NEW YORK (Reuters) - U.S. investment bank Goldman Sachs Group Inc GS.N is adopting a performance review system that will grade up to 10% of its 39,000 employees as under-performers this year, according to an internal memo sent on Monday, potentially leading to more job cuts in 2021 than the bank has made in recent years.
Goldman Sachs’ new head of human resources, Bentley de Beyer, who joined the bank in January, is revamping its opaque performance review process to make it more transparent and determine what proportion of staff is put in each grouping, said bank spokeswoman Leslie Shribman.
The bank’s main goal is to let staff know where they stand as roughly 90% of the bank’s workforce works from home due to COVID-19 restrictions, said Shribman, who verified the contents of the memo seen by Reuters.
Goldman Sachs’ review changes are another sign that COVID-19 working restrictions are prompting some large corporations to overhaul their human resources policies.
“The dynamics of today’s challenges underscore the need for more transparency in feedback and even stronger communication between our people and their managers,” Goldman Sachs Chief Executive David Solomon wrote in the memo to all staff.
Under the new system, 25% of staff will be graded “exceeds expectations,” 65% will get “fully meets expectations,” and 10% will be marked as “partially meets expectations” in their annual reviews in December.

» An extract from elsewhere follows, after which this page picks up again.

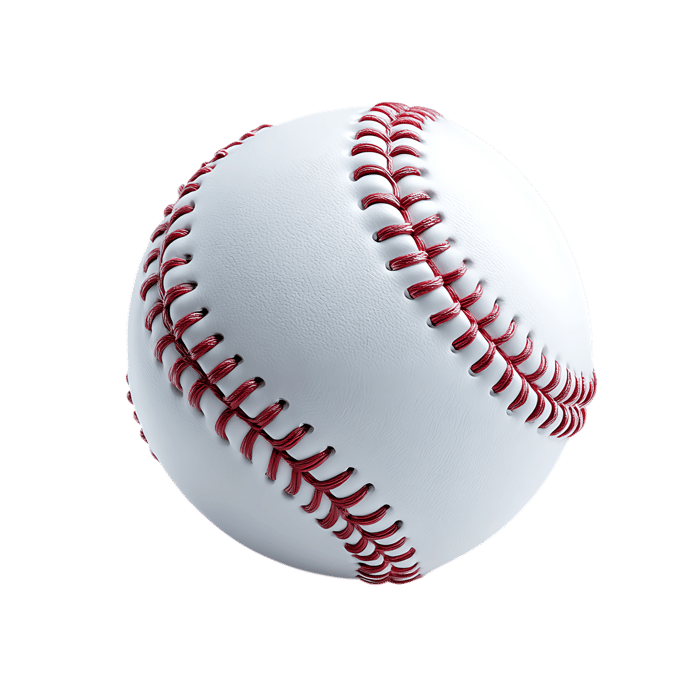 Detailed close up of a new baseball with red stitching on white leather.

Employees will also have more frequent formal performance check-ins with their managers - at least three times a year starting in 2021, according to the memo. Previously, they met to discuss performance only a couple of times annually.
The Wall Street bank has not disclosed the percentage of employees in each performance group previously and Shribman declined to say how the new percentages compare with the prior system.
Goldman Sachs is notorious for its tough annual review, which typically paves the way for a cull of roughly 5% of staff, often for missing performance targets. The bank has said the cuts allow it to hire a steady stream of new, diverse talent, which has become a priority over the past year.
It has not made major job cuts this year, and its headcount as of June 30 was actually up 10% from the year-ago period.
Shribman declined to say whether the changes would result in increased 2021 job cuts and said performance grades are just one factor in those considerations.
Despite a tough economic environment caused by pandemic shutdowns, Goldman Sachs reported a 41% jump in quarterly revenue earlier this month on strong trading and investment banking income.
Goldman Sachs’ annual cull has long set it apart from Wall Street rivals, which tend to make mass layoffs periodically.
Morgan Stanley, for example, terminated 1,500 of its roughly 60,0000 staff last December. Its largest prior cut was 1,200 staff in 2015.
Morgan Stanley CEO James Gorman, like leaders at several U.S. and European banks, has vowed no terminations in 2020 as the U.S. economy struggles with mass unemployment.